You are viewing a plain text version of this content. The canonical link for it is here.
Posted to user@drill.apache.org by Ashu Pachauri <as...@gmail.com> on 2021/09/23 15:08:08 UTC

Very slow parquet write performance due to single threaded write

Hi,

I have been trying to load a medium sized csv file (22 million rows and  20
columns) into a parquet table using Drill's CTAS statement.

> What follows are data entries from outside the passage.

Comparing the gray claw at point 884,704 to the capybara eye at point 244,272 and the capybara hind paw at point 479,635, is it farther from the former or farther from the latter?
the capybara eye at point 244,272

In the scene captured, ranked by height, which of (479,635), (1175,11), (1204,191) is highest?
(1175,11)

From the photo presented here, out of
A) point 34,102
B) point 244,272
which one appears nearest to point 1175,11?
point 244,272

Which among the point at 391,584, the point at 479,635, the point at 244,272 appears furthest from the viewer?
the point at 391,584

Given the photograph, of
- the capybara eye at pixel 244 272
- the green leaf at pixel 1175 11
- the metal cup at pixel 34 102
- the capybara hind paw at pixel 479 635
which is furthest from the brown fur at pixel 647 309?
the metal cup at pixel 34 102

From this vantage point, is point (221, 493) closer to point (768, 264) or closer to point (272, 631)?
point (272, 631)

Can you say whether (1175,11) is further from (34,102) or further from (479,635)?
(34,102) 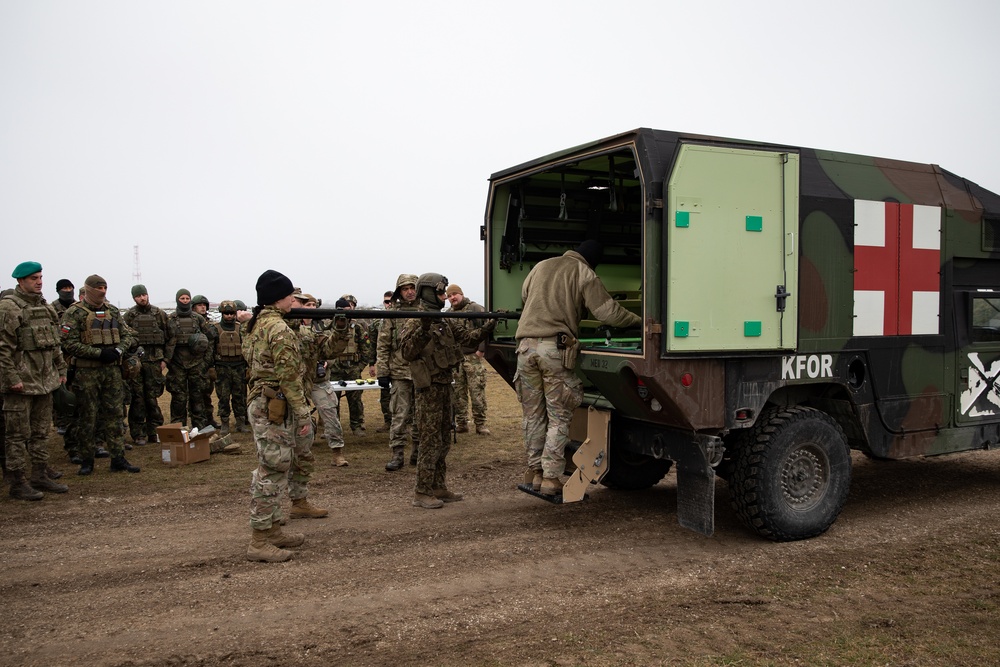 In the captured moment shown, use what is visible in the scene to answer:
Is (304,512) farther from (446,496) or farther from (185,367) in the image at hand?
(185,367)

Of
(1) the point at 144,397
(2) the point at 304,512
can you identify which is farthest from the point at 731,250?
(1) the point at 144,397

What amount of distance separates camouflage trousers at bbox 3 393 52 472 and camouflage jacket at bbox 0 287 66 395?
0.45ft

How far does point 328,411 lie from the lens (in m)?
8.86

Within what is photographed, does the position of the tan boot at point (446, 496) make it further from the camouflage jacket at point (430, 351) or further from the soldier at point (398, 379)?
the soldier at point (398, 379)

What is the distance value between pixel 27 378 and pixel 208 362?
3.50 metres

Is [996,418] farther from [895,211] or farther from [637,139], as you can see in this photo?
[637,139]

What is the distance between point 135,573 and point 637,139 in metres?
4.28

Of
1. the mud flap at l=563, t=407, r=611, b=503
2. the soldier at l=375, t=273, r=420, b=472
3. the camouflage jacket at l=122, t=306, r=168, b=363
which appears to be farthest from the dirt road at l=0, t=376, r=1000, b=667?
the camouflage jacket at l=122, t=306, r=168, b=363

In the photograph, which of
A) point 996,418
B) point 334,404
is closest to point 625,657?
point 996,418

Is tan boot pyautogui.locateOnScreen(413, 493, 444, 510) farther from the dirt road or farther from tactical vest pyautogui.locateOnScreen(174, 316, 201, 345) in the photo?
tactical vest pyautogui.locateOnScreen(174, 316, 201, 345)

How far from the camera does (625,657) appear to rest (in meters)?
3.73

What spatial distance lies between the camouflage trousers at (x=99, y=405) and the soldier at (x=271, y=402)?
354 cm

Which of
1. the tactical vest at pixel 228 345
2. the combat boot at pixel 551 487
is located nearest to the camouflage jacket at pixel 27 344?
the tactical vest at pixel 228 345

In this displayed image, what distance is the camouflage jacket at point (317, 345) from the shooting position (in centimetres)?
586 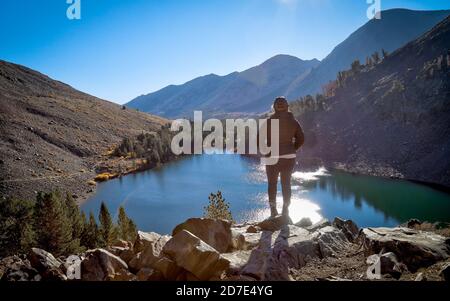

However, now matter what I try, the parquet writer in the query plan has
only one associated minor fragment and thus runs in a single thread.  I
have tried a simple query with/without order by and with/without partition
by clauses without much success.

Is this a limitation of Drill that even in the presence of partition by
clause ( and absence of any order by), the writes in CTAS are single
threaded or I am missing something?


Thanks and Regards,
Ashu Pachauri

Re: Very slow parquet write performance due to single threaded write

Posted by Ted Dunning <td...@apache.org>.
Ashu,

Did you send this same message to a different list (possibly dev@drill?)?

I remember answering it with some timing information, but see that you don't have an answer here.

On 2021/09/23 15:08:08, Ashu Pachauri <as...@gmail.com> wrote: 
> Hi,
> 
> I have been trying to load a medium sized csv file (22 million rows and  20
> columns) into a parquet table using Drill's CTAS statement.
> 
> However, now matter what I try, the parquet writer in the query plan has
> only one associated minor fragment and thus runs in a single thread.  I
> have tried a simple query with/without order by and with/without partition
> by clauses without much success.
> 
> Is this a limitation of Drill that even in the presence of partition by
> clause ( and absence of any order by), the writes in CTAS are single
> threaded or I am missing something?
> 
> 
> Thanks and Regards,
> Ashu Pachauri
>